Description of the task:
Without including any picture, write out the entries exactly as they stand.

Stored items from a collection
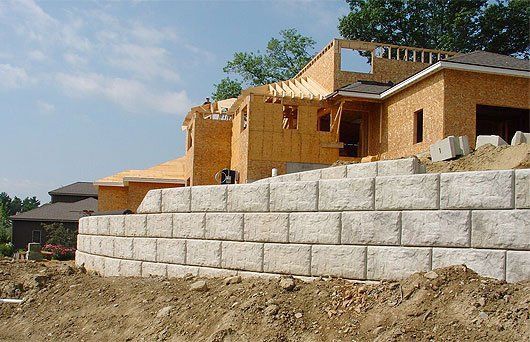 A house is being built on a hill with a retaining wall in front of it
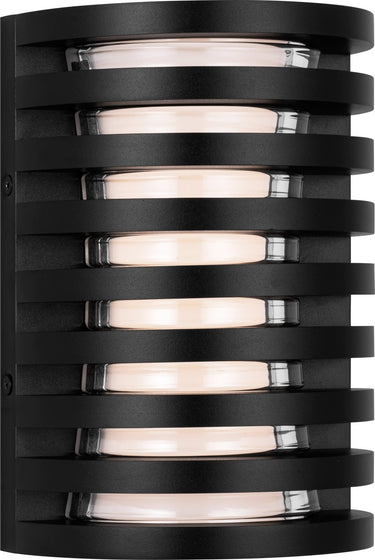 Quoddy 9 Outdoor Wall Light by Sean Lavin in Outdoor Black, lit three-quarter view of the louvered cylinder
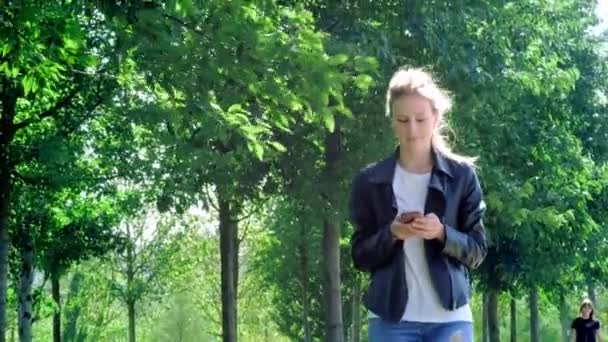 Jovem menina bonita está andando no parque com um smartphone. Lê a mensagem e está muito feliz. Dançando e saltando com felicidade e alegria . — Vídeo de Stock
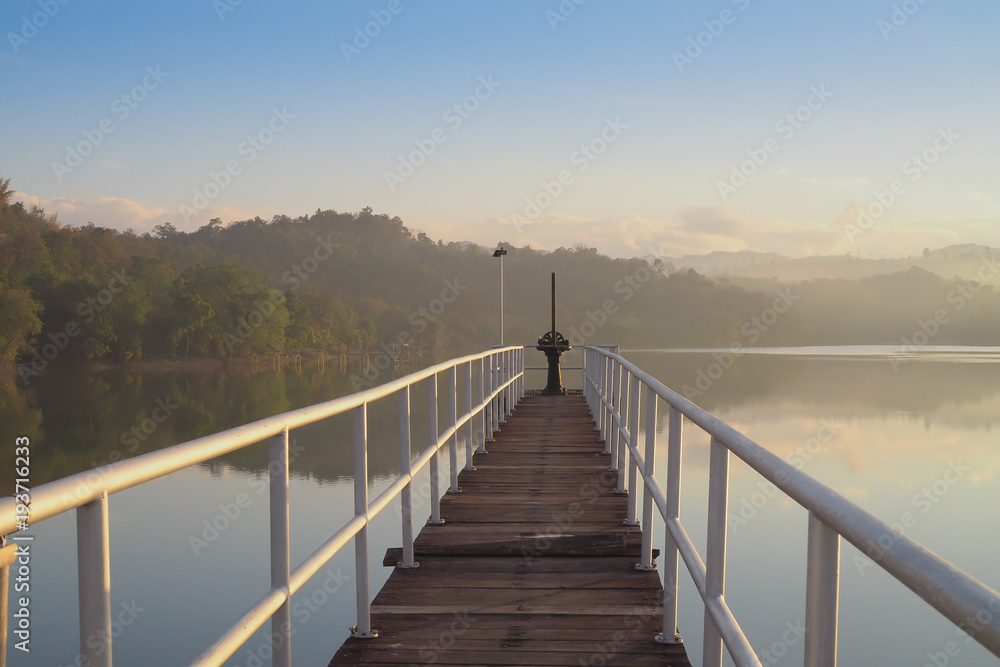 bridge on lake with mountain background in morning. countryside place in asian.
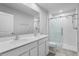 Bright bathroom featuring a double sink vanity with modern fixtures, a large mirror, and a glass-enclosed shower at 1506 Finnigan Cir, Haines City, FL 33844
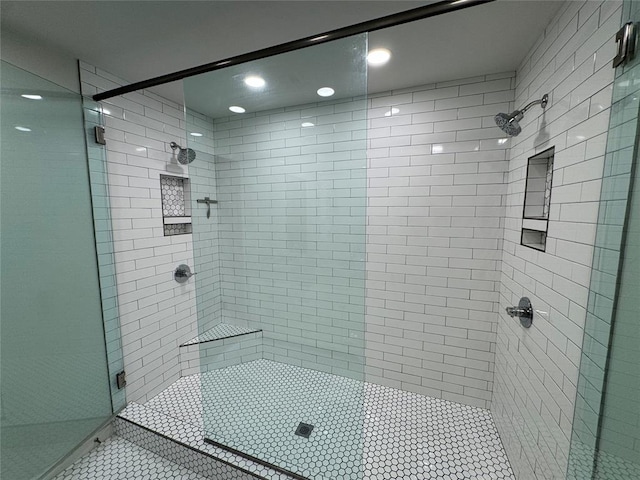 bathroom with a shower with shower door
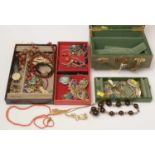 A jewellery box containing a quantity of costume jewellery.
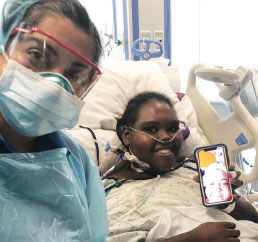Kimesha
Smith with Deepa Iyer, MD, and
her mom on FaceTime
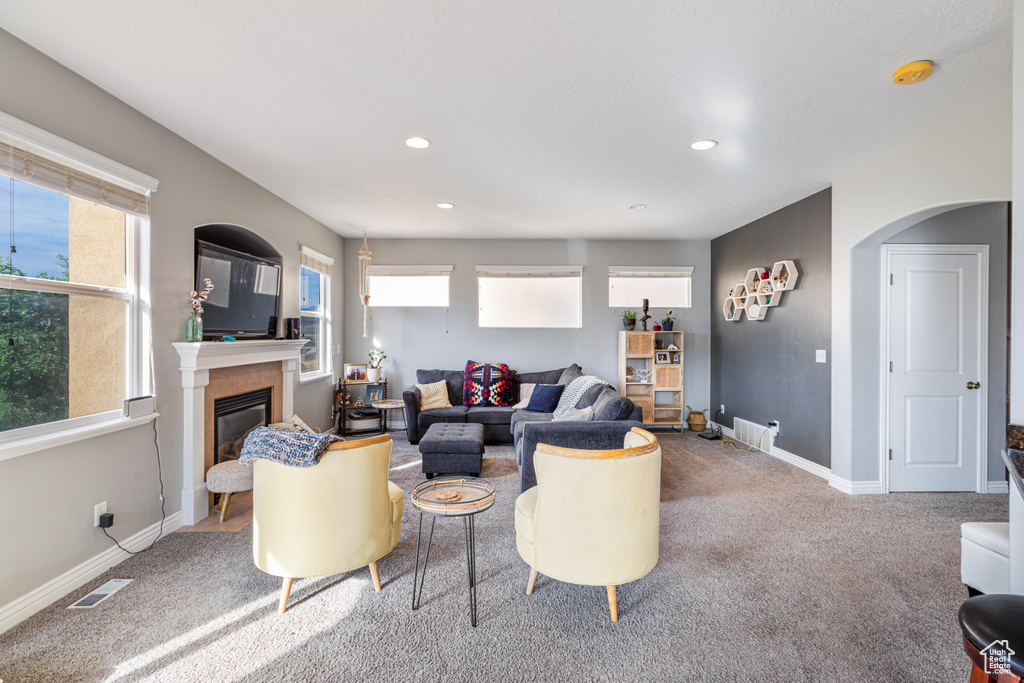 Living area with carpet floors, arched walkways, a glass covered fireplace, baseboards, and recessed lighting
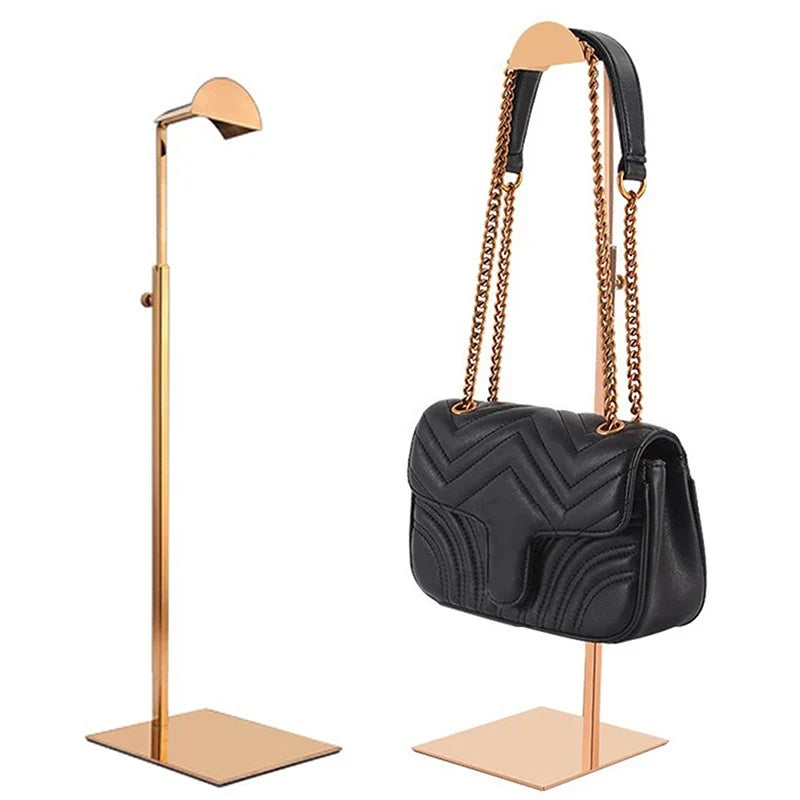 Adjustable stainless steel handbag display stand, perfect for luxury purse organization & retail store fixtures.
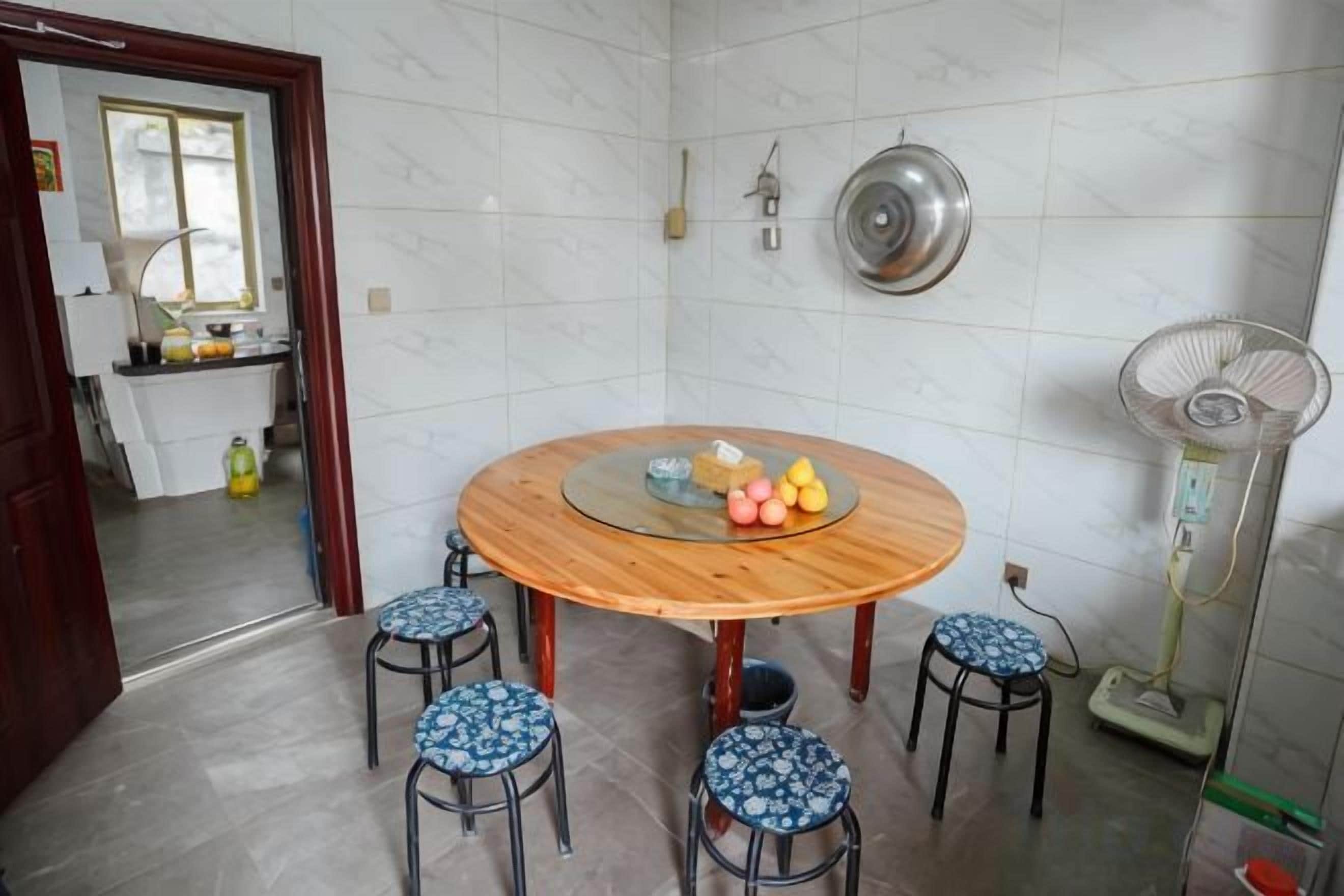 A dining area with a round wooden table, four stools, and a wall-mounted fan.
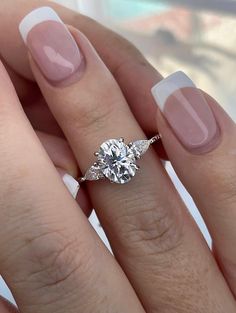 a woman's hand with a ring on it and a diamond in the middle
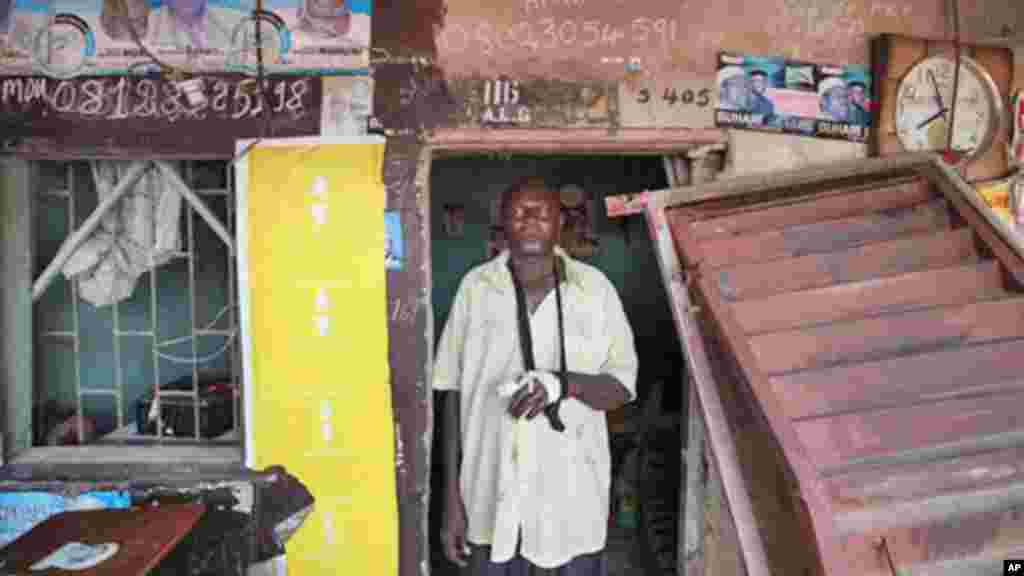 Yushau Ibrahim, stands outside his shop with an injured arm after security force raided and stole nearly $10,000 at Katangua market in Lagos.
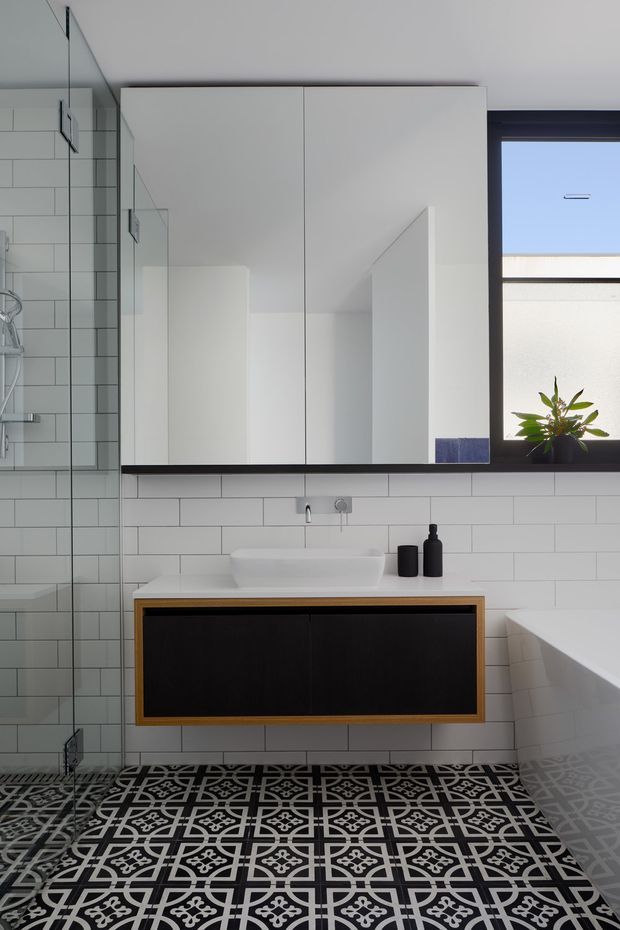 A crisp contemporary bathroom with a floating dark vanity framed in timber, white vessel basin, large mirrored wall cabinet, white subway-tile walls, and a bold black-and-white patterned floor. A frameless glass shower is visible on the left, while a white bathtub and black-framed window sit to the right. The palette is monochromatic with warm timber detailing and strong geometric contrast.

Output of the exercise:
 A house is being built on a hill with a retaining wall in front of it
 Quoddy 9 Outdoor Wall Light by Sean Lavin in Outdoor Black, lit three-quarter view of the louvered cylinder
 Jovem menina bonita está andando no parque com um smartphone. Lê a mensagem e está muito feliz. Dançando e saltando com felicidade e alegria . — Vídeo de Stock
 bridge on lake with mountain background in morning. countryside place in asian.
 Bright bathroom featuring a double sink vanity with modern fixtures, a large mirror, and a glass-enclosed shower at 1506 Finnigan Cir, Haines City, FL 33844
 bathroom with a shower with shower door
 A jewellery box containing a quantity of costume jewellery.
Kimesha
Smith with Deepa Iyer, MD, and
her mom on FaceTime
 Living area with carpet floors, arched walkways, a glass covered fireplace, baseboards, and recessed lighting
 Adjustable stainless steel handbag display stand, perfect for luxury purse organization & retail store fixtures.
 A dining area with a round wooden table, four stools, and a wall-mounted fan.
 a woman's hand with a ring on it and a diamond in the middle
 Yushau Ibrahim, stands outside his shop with an injured arm after security force raided and stole nearly $10,000 at Katangua market in Lagos.
 A crisp contemporary bathroom with a floating dark vanity framed in timber, white vessel basin, large mirrored wall cabinet, white subway-tile walls, and a bold black-and-white patterned floor. A frameless glass shower is visible on the left, while a white bathtub and black-framed window sit to the right. The palette is monochromatic with warm timber detailing and strong geometric contrast.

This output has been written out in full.